The semiconductor market is heading for a major bout of company collapses, according to Gartner.

The market research company says the industry has become inflated, with hundreds of vendors competing in a crowded marketplace. Within 10 years, 40 percent of today's vendors are likely to leave the industry, it claims.

Gartner analysts say they have identified five "megatrends" that will lead to significant changes in the industry. They include increasing device integration (Moore’s Law), an increasing scale and size of manufacturing, a shift from business to consumer markets, an increasing role of service providers, and new and disruptive technologies.

Increasing device integration is the first and most fundamental of these trends. According to Gartner, it gives tremendous benefits in terms of increased chip speed, lower power dissipation, greater functionality per chip, lower system cost and physically smaller-end equipment.

“Increasing costs and complexity of design, increased system content and greater flexibility means fewer vendors will have the capability to supply chips in the future,” says Jim Tully, chief of research for Gartner’s emerging technologies and semiconductor group. “The number of semiconductor vendors has risen steadily from about 120 vendors in the mid-1980s, to roughly 550 in 2003. Within 10 years, the industry will experience significant consolidation.”
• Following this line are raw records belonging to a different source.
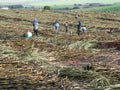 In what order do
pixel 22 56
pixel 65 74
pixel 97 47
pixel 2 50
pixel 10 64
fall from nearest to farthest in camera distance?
pixel 65 74 → pixel 10 64 → pixel 22 56 → pixel 2 50 → pixel 97 47

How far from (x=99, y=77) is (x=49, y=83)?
5.50ft

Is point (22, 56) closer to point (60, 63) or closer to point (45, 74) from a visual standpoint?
point (60, 63)

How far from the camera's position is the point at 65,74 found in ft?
45.9

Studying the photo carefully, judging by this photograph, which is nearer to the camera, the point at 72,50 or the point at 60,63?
the point at 60,63

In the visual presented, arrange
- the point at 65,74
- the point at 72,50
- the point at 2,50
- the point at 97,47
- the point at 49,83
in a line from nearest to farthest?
the point at 49,83, the point at 65,74, the point at 2,50, the point at 72,50, the point at 97,47

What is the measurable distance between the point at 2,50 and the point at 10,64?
3.32m

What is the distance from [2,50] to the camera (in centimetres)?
1911

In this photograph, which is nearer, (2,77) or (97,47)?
(2,77)

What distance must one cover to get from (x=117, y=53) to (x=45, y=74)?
20.2 ft

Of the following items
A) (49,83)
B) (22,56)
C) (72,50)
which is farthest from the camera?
(72,50)

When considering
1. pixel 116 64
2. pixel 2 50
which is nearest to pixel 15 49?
pixel 2 50

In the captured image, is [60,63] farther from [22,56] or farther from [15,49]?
[15,49]

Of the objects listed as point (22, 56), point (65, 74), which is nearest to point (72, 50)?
point (22, 56)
The second trend, concerns the increasing costs and scale of semiconductor manufacturing. It says fabrication plants are becoming extremely expensive, and next generation “fabs” will inevitably become too expensive for most existing companies.
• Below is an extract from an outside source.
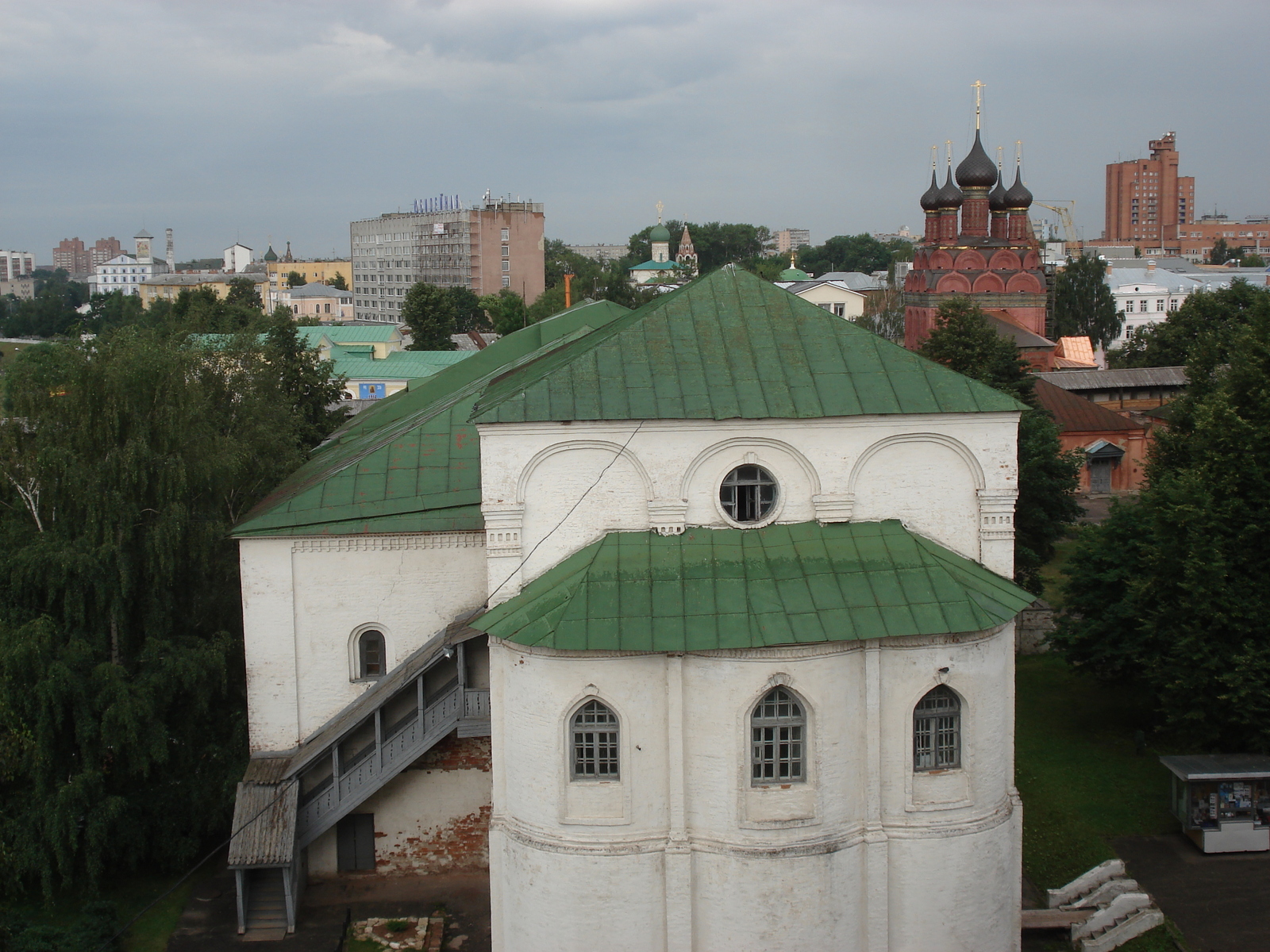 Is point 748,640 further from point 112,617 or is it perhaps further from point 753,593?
point 112,617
“To survive, large and costly fabs will need to achieve significant economies of scale, and they will require high volumes of chip production, preferably standard chips that can be produced in a standardised environment with large batch sizes. These standard chips will then be customised after manufacture for specific applications," Tully says. “This will result in fewer chip manufacturers in the future, but it will not result in higher chip prices, because the industry is capital-intensive and is highly competitive.”

Gartner says the third trend is the growing importance of consumer markets. It predicts that by 2013, more than 50 percent of chip sales will be for equipment markets targeted at consumers. One of the challenges for vendors is that the consumer market can be unpredictable (for reasons of fashion or fads), as it can be hard to identify what consumers will want.

“Consumer markets are normally high volume and the overall market size is large,” Tully says. “However, margins on consumer products are very low, and the value of individual product categories can be surprisingly small. The falling number of chips per application, because of integration, is playing its part in dampening the growth in these applications.”

In the past, says the research group, many semiconductor products were standalone, however the industry must prepare for the increasing role of service providers. Increasingly, it says, large numbers of equipment are being interconnected, both over the Internet and in LANs, which makes them accessible to companies offering upgrades, content and other services.

“These services can generate far more revenue than equipment sales revenue and will dominate many sectors,” Tully says. “Service providers are likely to assume an important and dominant role in electronics. In many cases, these providers are likely to brand the equipment, and to control the design and manufacturing of electronic equipment.”

Gartner also notes that new technologies have driven the semiconductor industry from the beginning, and new technologies will continue to drive the industry. It says that most of these have been incremental technology developments. However, disruptive technologies will have a significant and unpredictable effect on the industry. Examples cited include inkjet processes, light-emitting polymers, carbon nanotubes, molecular transistors and protein-DNA logic.